During the latest financial reporting season, the car manufacturing industry did not have a lot of good news to report to their shareholders regarding their EV ventures. Sure, sales hit a record, but they were leading to no profits. In fact, GM and Ford kept losing money on every EV they produced.

It was a cold shower, and it had a sobering effect. Slowly but surely, carmakers are beginning to rearrange their priorities in the electric transport space, revising manufacturing targets and even sealing joint venture deals with Chinese EV makers. The revolution is over. It’s time to go the natural way, with evolution.

“What we saw in ’21 and ’22 was a temporary market spike where the demand for EVs really took off,” Marin Gjaja, chief operating officer for Ford’s EV unit, told CNBC in an interview. “It’s still growing but not nearly at the rate we thought it might have in ’21, ’22.”

Sales might never return to the rates seen in 2021 and 2022 as subsidies are being phased out in key markets such as Germany and, in the U.S., tied to certain local content requirements that would make ineligible EVs unaffordable for most of the population.

GM encountered this problem recently. It lost eligibility for federal EV incentives for 20,000 cars due to the sourcing of their materials. Per the IRA, battery materials must be sourced at home, but GM could not do that, so its 20,000 EVs turned out to be ineligible. The company had to offer its own incentive to make people buy them.

Related: Forgotten Gas Reserves Could Be A Gamechanger For European Energy

On the other hand, Ford reported much stronger EV sales last month, suggesting not all is lost in that space. The company said its plug-in EV sales for the month were up 81% from a year ago, with hybrid sales up by 32%. Compared to these, the uptick in internal combustion engine cars was really modest, at 7.5%. The twist: ICE cars constituted the great majority of vehicles Ford sold in February. They accounted for 89.5% of all sales, with EVs and hybrids making up the remainder.

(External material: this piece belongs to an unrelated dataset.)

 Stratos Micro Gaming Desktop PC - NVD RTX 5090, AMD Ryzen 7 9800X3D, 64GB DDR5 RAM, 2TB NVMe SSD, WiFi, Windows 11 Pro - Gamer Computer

There is clearly an interest in EVs, limited as it is. Last year’s record sales provided quite a clear sign that subsidies could make EVs more attractive for drivers but they could not enable them to displace the internal combustion engine, not without a serious reworking of market rules.

Carmakers are naturally the most acutely aware of this, so they are taking steps to position themselves better in a market that refuses to let go of market rules. Ford, for instance, is making big plans for the hybrid space, along with delaying big EV production target increases like every other carmaker.

Aston Martin, the luxury brand, has thrown in the towel for now, delaying its entry into the EV market to 2026. The company’s chief executive admitted earlier this month that drivers simply don’t want EVs, at least in the space where Aston Martin shines. What drivers want, Lawrence Stroll told The Telegraph, was “the sports car smell, feel and noise”.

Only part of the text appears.